Selasa, 04 Maret 2014

Skripsi Ekonomi Pembangunan: ANALISIS PENGARUH SUKU BUNGA SERTIFIKAT BANK INDONESIA, PRODUK DOMESTIK BRUTO, DAN NILAI TUKAR TERHADAP PERKEMBANGAN REKSA DANA

BAB I
PENDAHULUAN
1.1 Latar Belakang
Reksa Dana mulai dikenal pertama kali di Belgia pada tahun 1822, yang berbentuk Reksa Dana tertutup. Pada tahun 1860, Reksa Dana mulai menyebar ke Inggris dan Skotlandia dalam bentuk Unit Investment Trusts dan pada tahun 1920 mulai dikenal di Amerika Serikat dengan nama Mutual Fund (Victor Purba, 2000:235). Keberadaan Reksa Dana di Indonesia dapat dikatakan telah dimulai pada saat diaktifkannya kembali pasar modal di Indonesia. Pada saat itu penerbitan Reksa Dana dilakukan oleh persero (BUMN)
yang didirikan khusus untuk menunjang kegiatan pasar modal Indonesia, sekalipun pada saat itu belum ada pengaturan khusus mengenai Reksa Dana. Istilah Reksa Dana lebih dikenal pada tahun 1990 dengan diizinkannya pelaku pasar modal untuk menerbitkan Reksa Dana melalui Keppres No. 53 Tahun 1990 tentang Pasar Modal.
Pada tahun 1997 yang diawali dengan krisis ekonomi di Indonesia, identik dengan kacaunya kondisi industri perbankan. Kemacetan bank dalam menjalankan fungsi intermediasi berdampak cukup besar dalam memacetkan perekonomian secara keseluruhan. Tingkat suku bunga kredit yang sangat tinggi membuat dunia usaha sangat tercekik. Pemilik modal lebih tertarik menyimpan dananya dalam bentuk deposito. Hal ini masih berlanjut sampai sekarang tetapi dengan tingkat keparahan yang jauh lebih ringan.

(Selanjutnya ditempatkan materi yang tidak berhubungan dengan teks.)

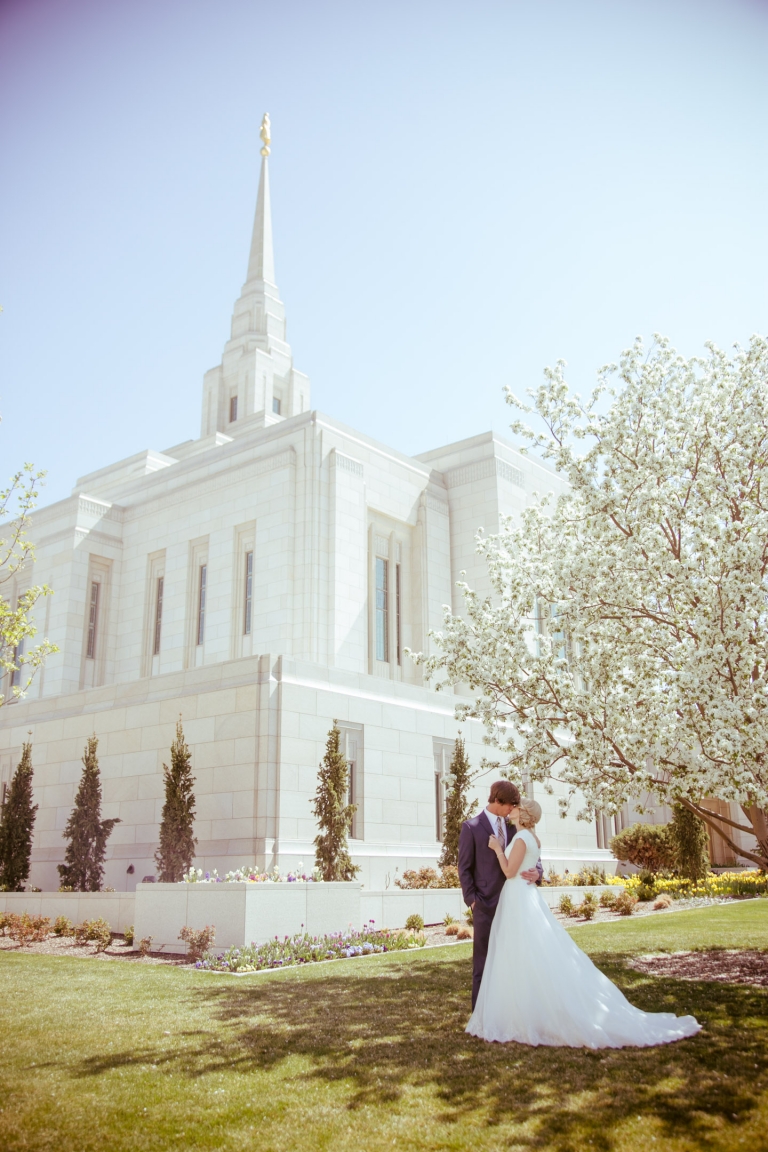 EK-Studios-Utah-Wedding-Photographers-Ogden-Temple-wedding021-Blog(pp_w768_h1152)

Permasalahan ini mengingatkan banyak pihak akan perlunya sebuah alternatif lain selain perbankan dalam fungsi intermediasi permodalan.
Salah satu alternatif lain tersebut yakni dengan menawarkan instrumen investasi baik kepada institusi bisnis maupun kreditur. Namun, berbeda halnya dengan investor perorangan, meskipun ada obligasi atau saham, mereka akan mengalami kesulitan untuk membelinya, karena modal yang mereka miliki tidak mencukupi. Di sinilah peran strategis reksa dana dalam mengumpulkan dana dari investor bermodal kecil. Adanya reksa dana bisa menjembatani kebutuhan usaha untuk memperoleh dana dengan keinginan investor untuk berinvestasi.

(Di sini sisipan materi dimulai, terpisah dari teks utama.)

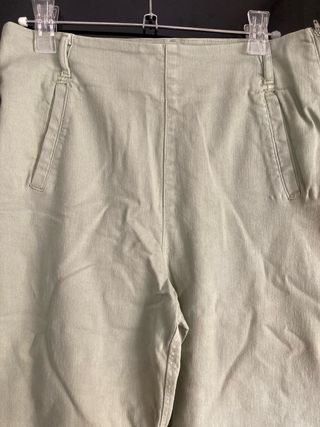 Pantalones Zara verde caqui clarito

Reksa dana merupakan sebuah bentuk investasi yang dilakukan secara kolektif (bersama-sama) dan dikelola oleh sebuah Perusahaan Manajemen Investasi (PMI) atau seorang Manajer Investasi (MI). Jenis usaha reksa dana ini pertama kali diluncurkan di Indonesia pada tahun 1996 dan bertujuan untuk memobilisasi dana dari semua lapisan masyarakat dan mendorong perdagangan surat-surat berharga di pasar modal. Reksa dana muncul karena umumnya investor mengalami kesulitan untuk melakukan investasi sendiri pada surat-surat berharga yang diperdagangkan di pasar modal, antara lain memonitor kondisi pasar secara terus-menerus yang sangat menyita waktu dan perlu keahlian khusus serta pengalaman di pasar modal.

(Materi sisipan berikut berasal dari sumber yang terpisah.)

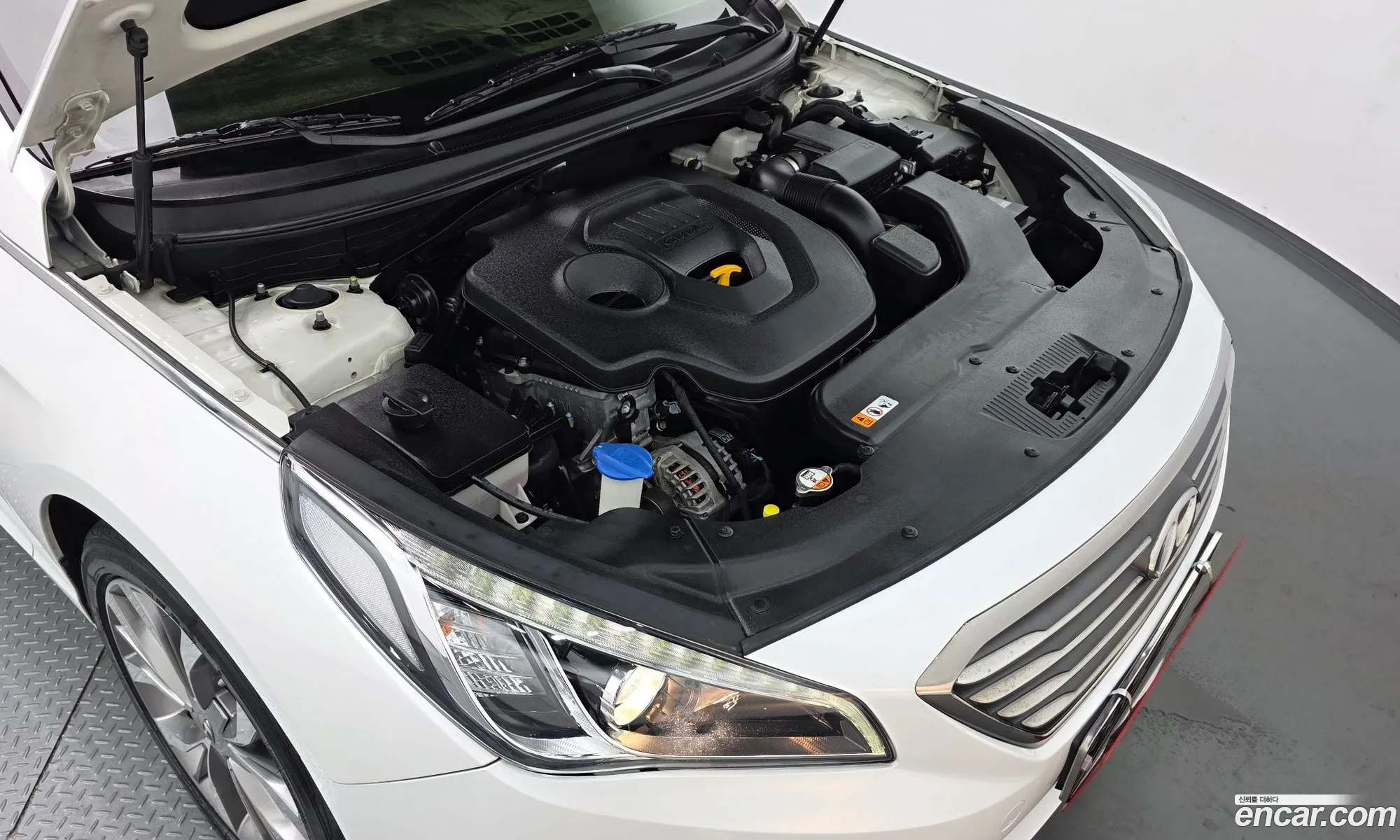 Hyundai LF Sonata 2016 — 14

Kesulitan lain yang biasa dialami investor, terutama investor kecil yaitu kebutuhan dana yang besar untuk investasi pada surat-surat berharga seperti saham atau obligasi. Adapun masalah utama dalam memutuskan investasi yaitu prediksi profit suatu investasi. Harapan dalam berinvestasi yaitu tingkat pengembalian (return) lebih besar daripada biaya yang dikeluarkan. Hal lain yang selalu mengiringi tingkat pengembalian adalah risiko. Pengaturan risiko ini juga memerlukan sebuah pengelolaan yang profesional, karena keuntungan yang diharapkan mempunyai

hubungan positif dengan tingkat risiko investasi. Semakin tinggi tingkat keuntungan yang diharapkan, maka semakin tinggi pula risiko yang dihadapi investor.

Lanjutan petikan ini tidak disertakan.